Task instructions:
The records that follow are to be printed exactly, with no images.

Source data:

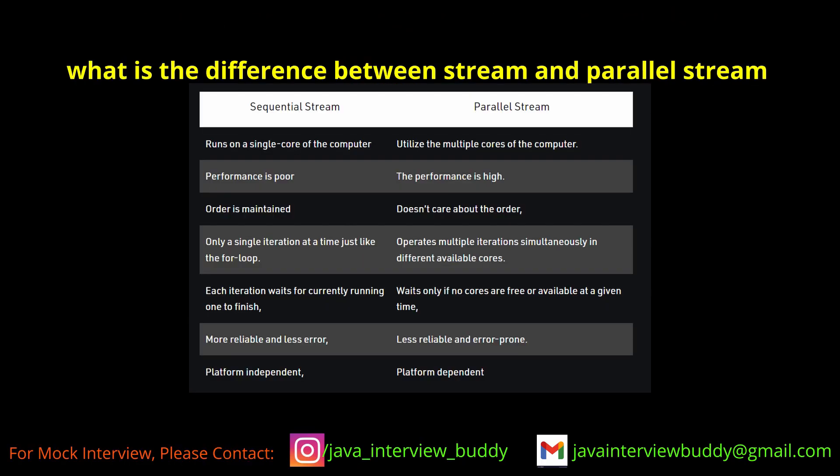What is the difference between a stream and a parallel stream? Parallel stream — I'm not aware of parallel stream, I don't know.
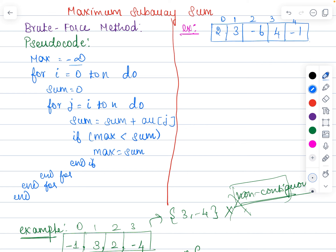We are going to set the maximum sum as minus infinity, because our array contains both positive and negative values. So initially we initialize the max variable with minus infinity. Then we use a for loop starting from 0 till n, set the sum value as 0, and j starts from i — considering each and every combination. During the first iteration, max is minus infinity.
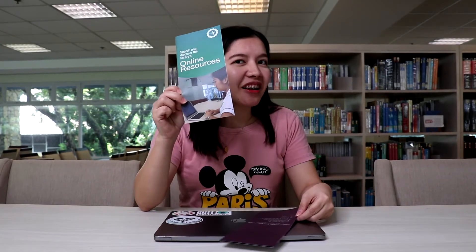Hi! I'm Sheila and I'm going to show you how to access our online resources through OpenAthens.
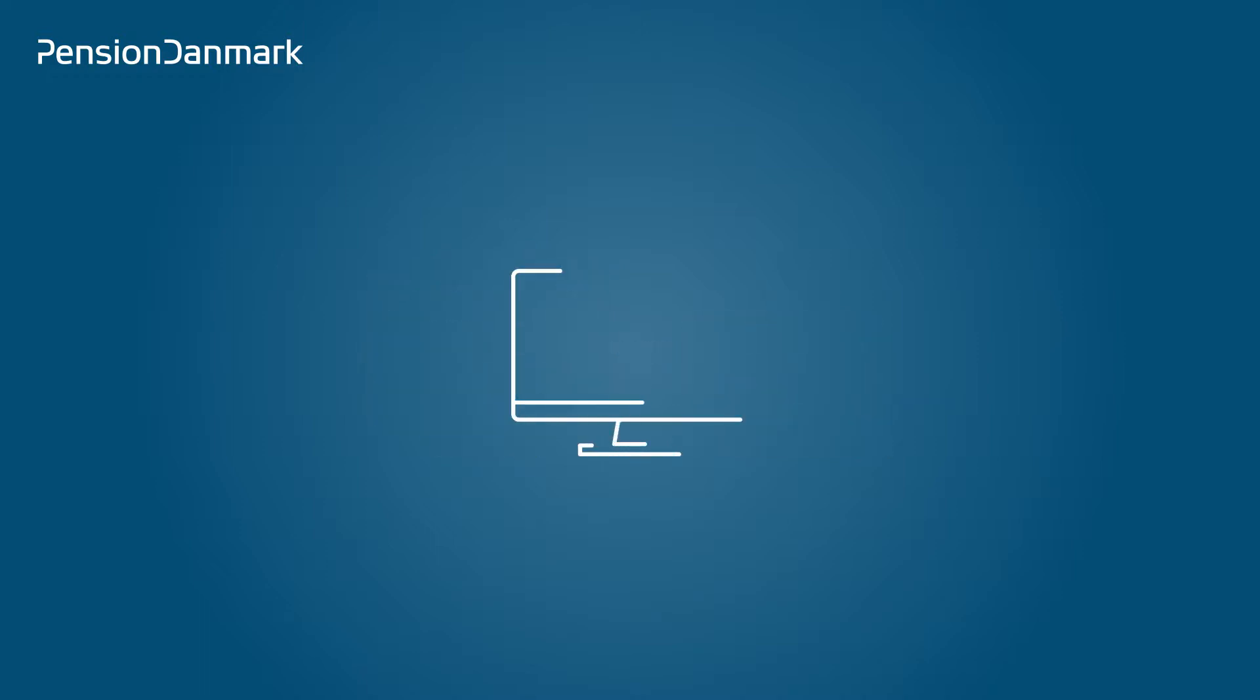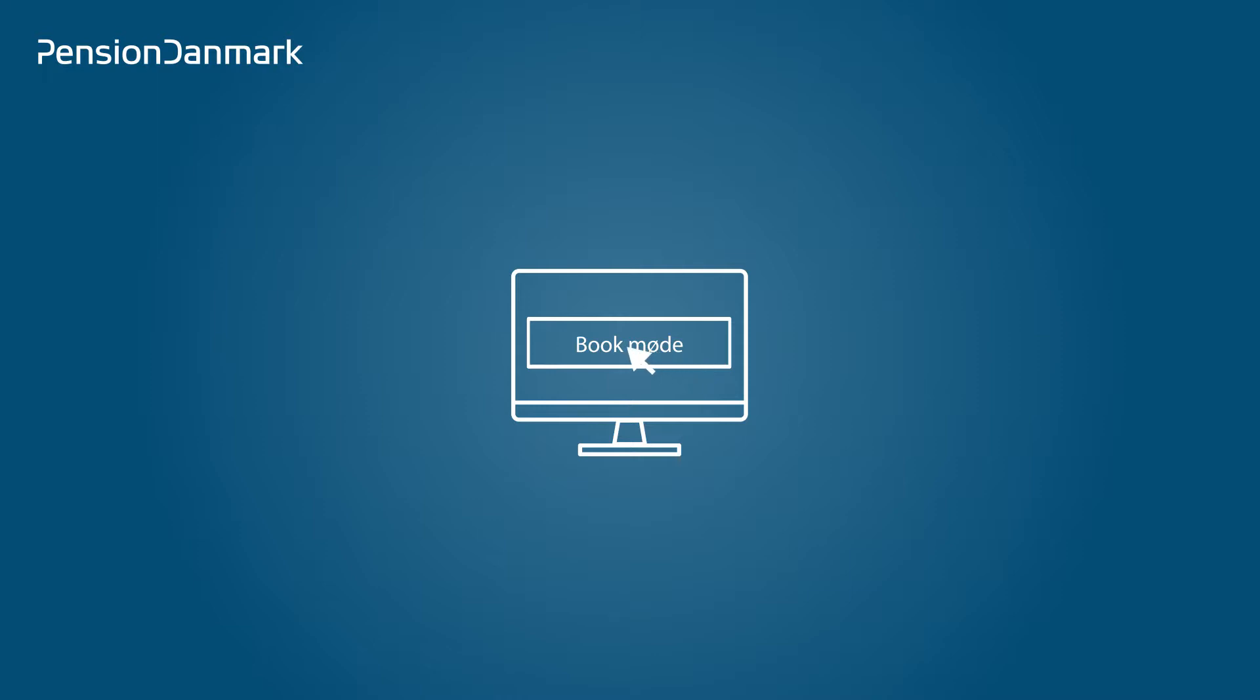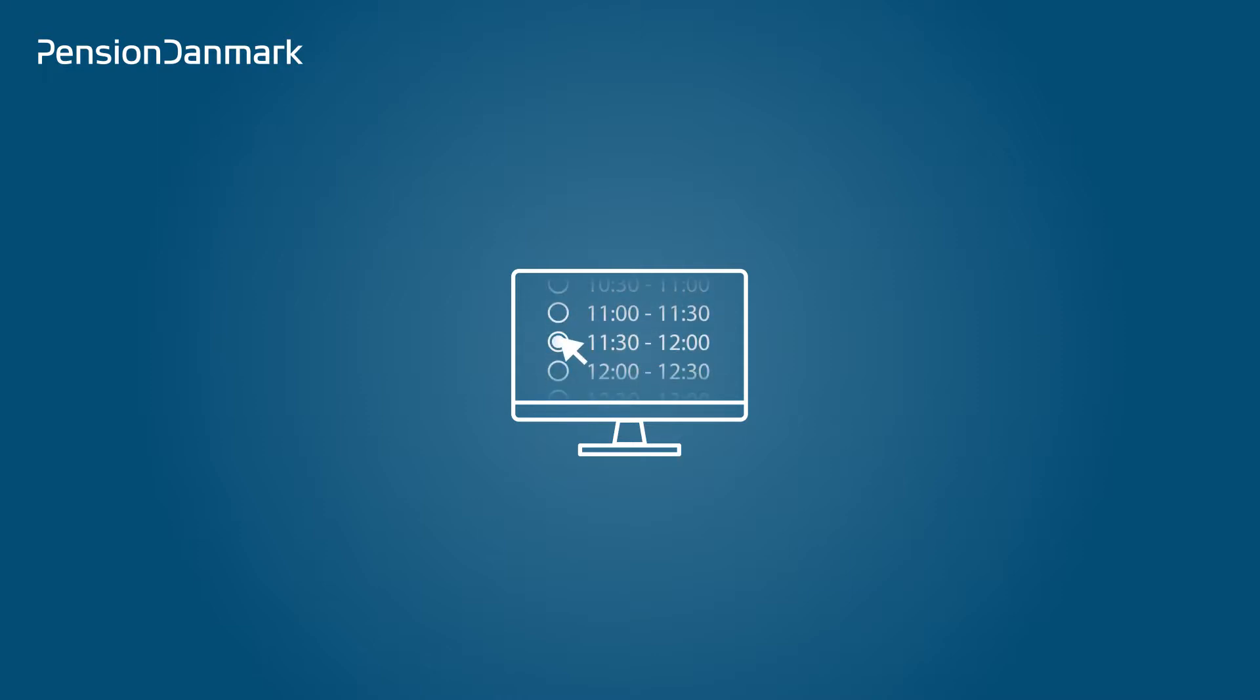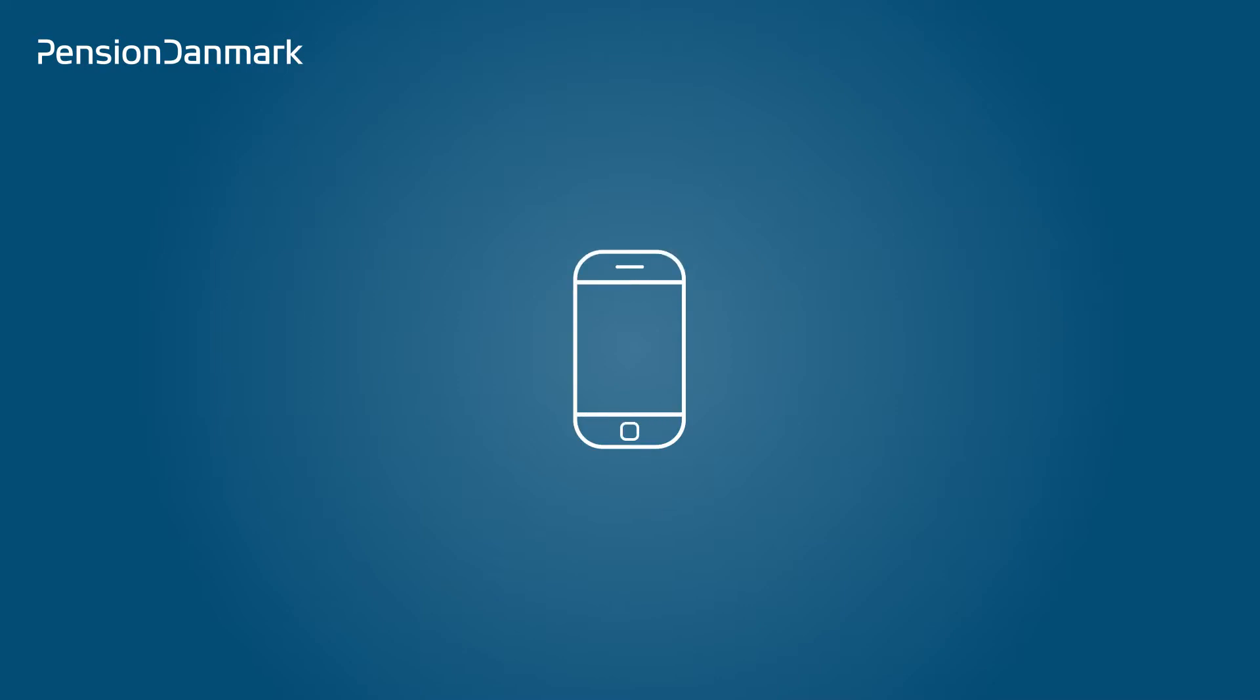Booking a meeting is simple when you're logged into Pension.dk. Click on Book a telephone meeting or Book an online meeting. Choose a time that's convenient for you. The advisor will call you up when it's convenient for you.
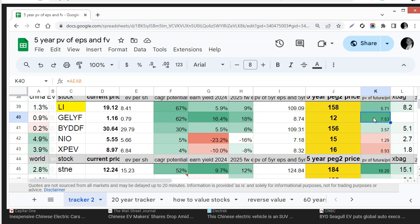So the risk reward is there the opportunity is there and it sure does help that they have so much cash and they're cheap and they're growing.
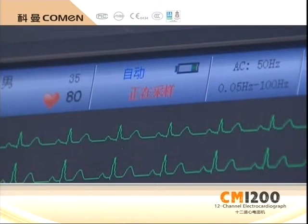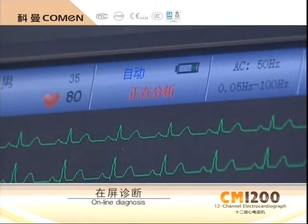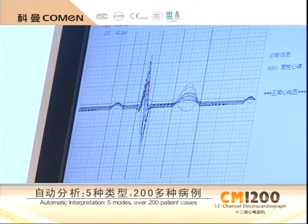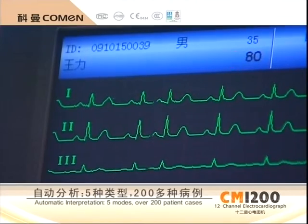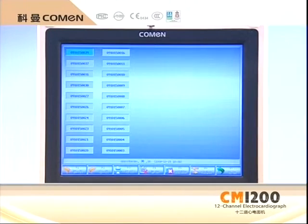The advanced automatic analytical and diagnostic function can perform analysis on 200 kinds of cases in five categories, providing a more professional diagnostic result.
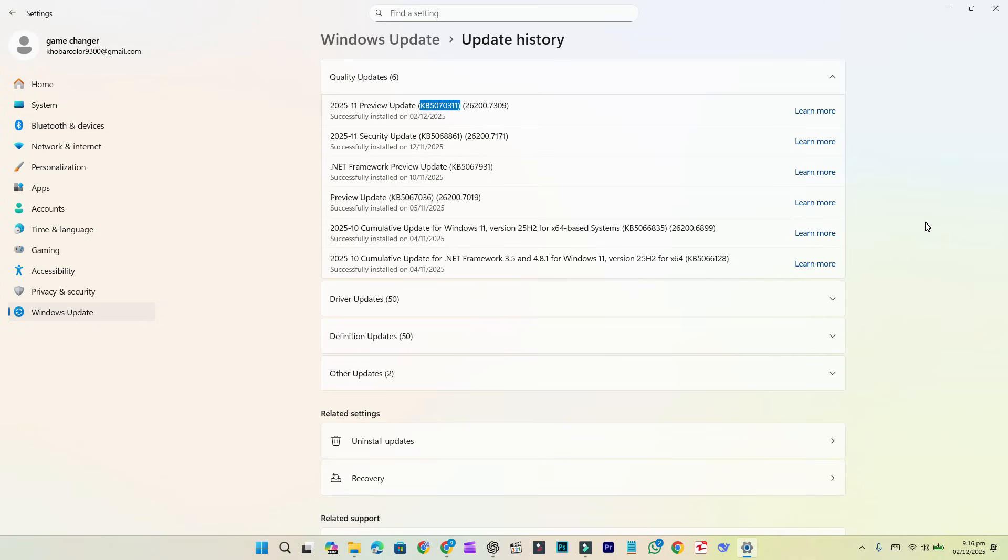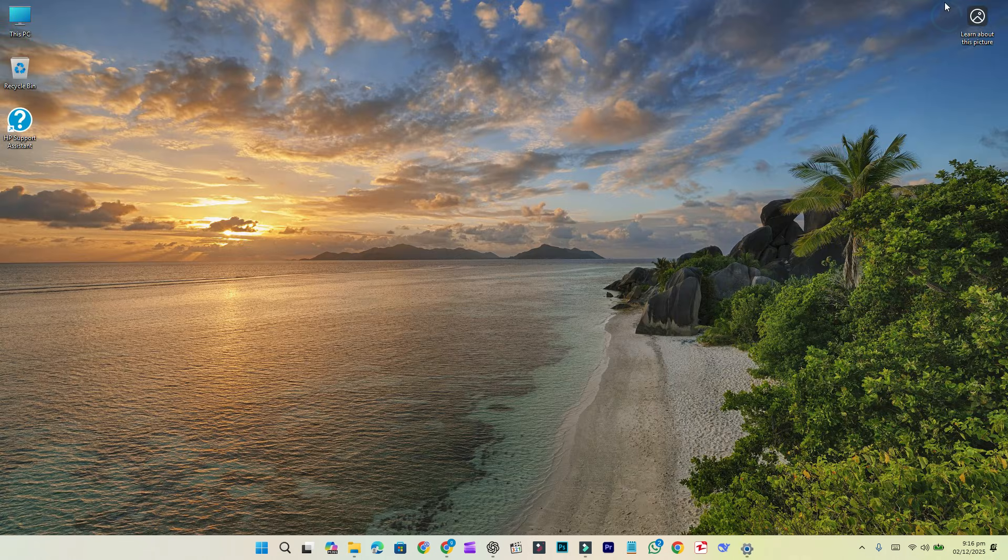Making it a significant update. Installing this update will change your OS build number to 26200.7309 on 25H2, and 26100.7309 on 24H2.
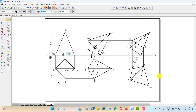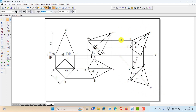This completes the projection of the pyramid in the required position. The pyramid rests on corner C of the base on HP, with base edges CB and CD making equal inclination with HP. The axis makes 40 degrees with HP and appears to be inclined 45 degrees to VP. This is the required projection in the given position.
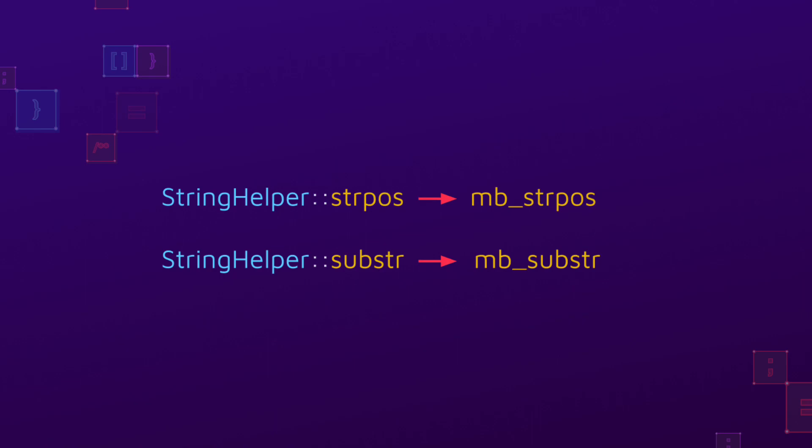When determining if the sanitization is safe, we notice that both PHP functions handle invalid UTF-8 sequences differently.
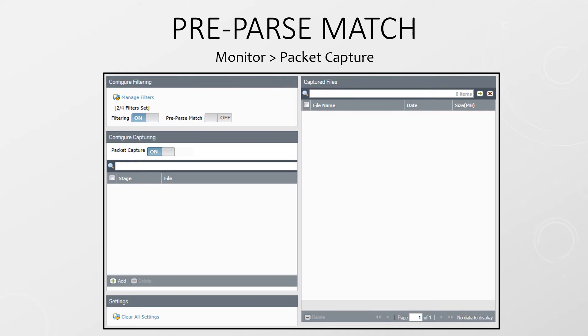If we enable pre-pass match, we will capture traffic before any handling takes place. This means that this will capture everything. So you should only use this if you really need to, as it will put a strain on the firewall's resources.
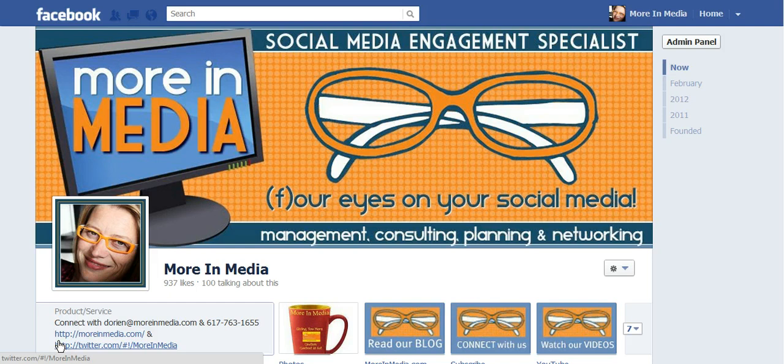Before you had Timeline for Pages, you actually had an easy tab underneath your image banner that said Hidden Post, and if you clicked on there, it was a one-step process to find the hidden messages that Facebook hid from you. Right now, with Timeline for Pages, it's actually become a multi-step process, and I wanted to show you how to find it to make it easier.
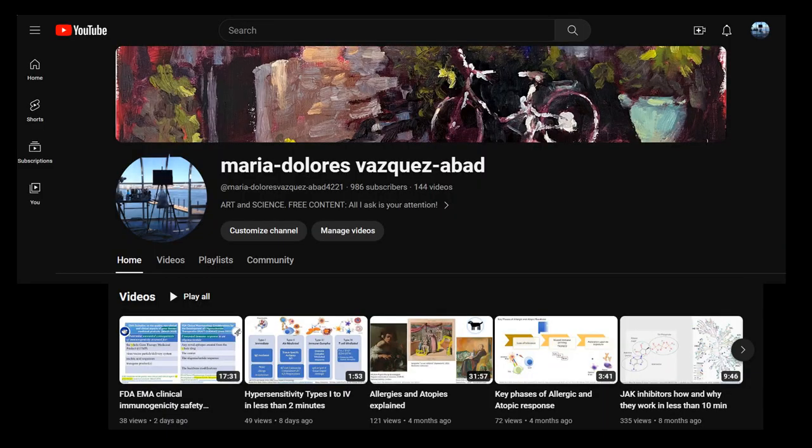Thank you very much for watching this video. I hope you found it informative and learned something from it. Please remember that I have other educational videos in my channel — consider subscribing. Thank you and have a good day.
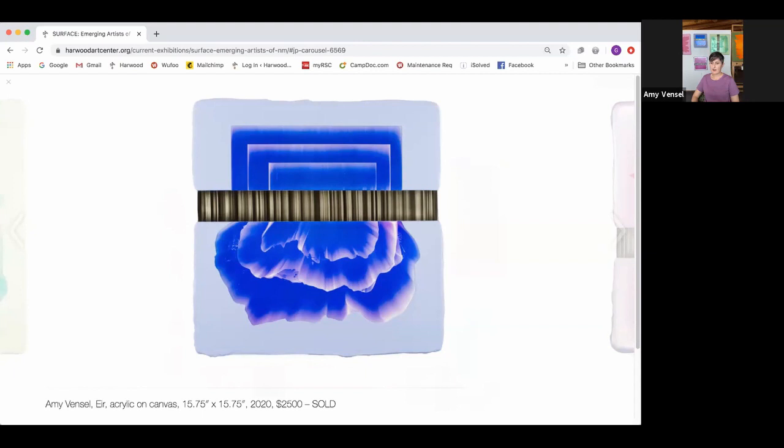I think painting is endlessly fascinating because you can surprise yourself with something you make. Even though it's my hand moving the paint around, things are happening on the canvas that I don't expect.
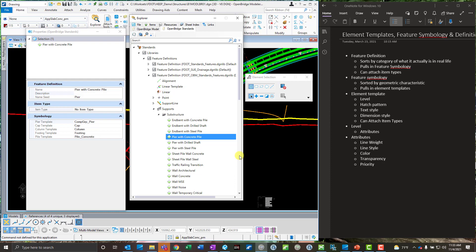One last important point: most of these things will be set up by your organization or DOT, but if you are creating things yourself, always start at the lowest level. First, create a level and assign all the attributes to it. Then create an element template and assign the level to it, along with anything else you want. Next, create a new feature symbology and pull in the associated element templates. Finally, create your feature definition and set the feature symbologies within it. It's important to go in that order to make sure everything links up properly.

Result below:
What is the difference between a stream and a parallel stream? Parallel stream — I'm not aware of parallel stream, I don't know.
We are going to set the maximum sum as minus infinity, because our array contains both positive and negative values. So initially we initialize the max variable with minus infinity. Then we use a for loop starting from 0 till n, set the sum value as 0, and j starts from i — considering each and every combination. During the first iteration, max is minus infinity.
Hi! I'm Sheila and I'm going to show you how to access our online resources through OpenAthens.
Booking a meeting is simple when you're logged into Pension.dk. Click on Book a telephone meeting or Book an online meeting. Choose a time that's convenient for you. The advisor will call you up when it's convenient for you.
So the risk reward is there the opportunity is there and it sure does help that they have so much cash and they're cheap and they're growing.
The advanced automatic analytical and diagnostic function can perform analysis on 200 kinds of cases in five categories, providing a more professional diagnostic result.
Making it a significant update. Installing this update will change your OS build number to 26200.7309 on 25H2, and 26100.7309 on 24H2.
This completes the projection of the pyramid in the required position. The pyramid rests on corner C of the base on HP, with base edges CB and CD making equal inclination with HP. The axis makes 40 degrees with HP and appears to be inclined 45 degrees to VP. This is the required projection in the given position.
When determining if the sanitization is safe, we notice that both PHP functions handle invalid UTF-8 sequences differently.
If we enable pre-pass match, we will capture traffic before any handling takes place. This means that this will capture everything. So you should only use this if you really need to, as it will put a strain on the firewall's resources.
Before you had Timeline for Pages, you actually had an easy tab underneath your image banner that said Hidden Post, and if you clicked on there, it was a one-step process to find the hidden messages that Facebook hid from you. Right now, with Timeline for Pages, it's actually become a multi-step process, and I wanted to show you how to find it to make it easier.
Thank you very much for watching this video. I hope you found it informative and learned something from it. Please remember that I have other educational videos in my channel — consider subscribing. Thank you and have a good day.
I think painting is endlessly fascinating because you can surprise yourself with something you make. Even though it's my hand moving the paint around, things are happening on the canvas that I don't expect.
One last important point: most of these things will be set up by your organization or DOT, but if you are creating things yourself, always start at the lowest level. First, create a level and assign all the attributes to it. Then create an element template and assign the level to it, along with anything else you want. Next, create a new feature symbology and pull in the associated element templates. Finally, create your feature definition and set the feature symbologies within it. It's important to go in that order to make sure everything links up properly.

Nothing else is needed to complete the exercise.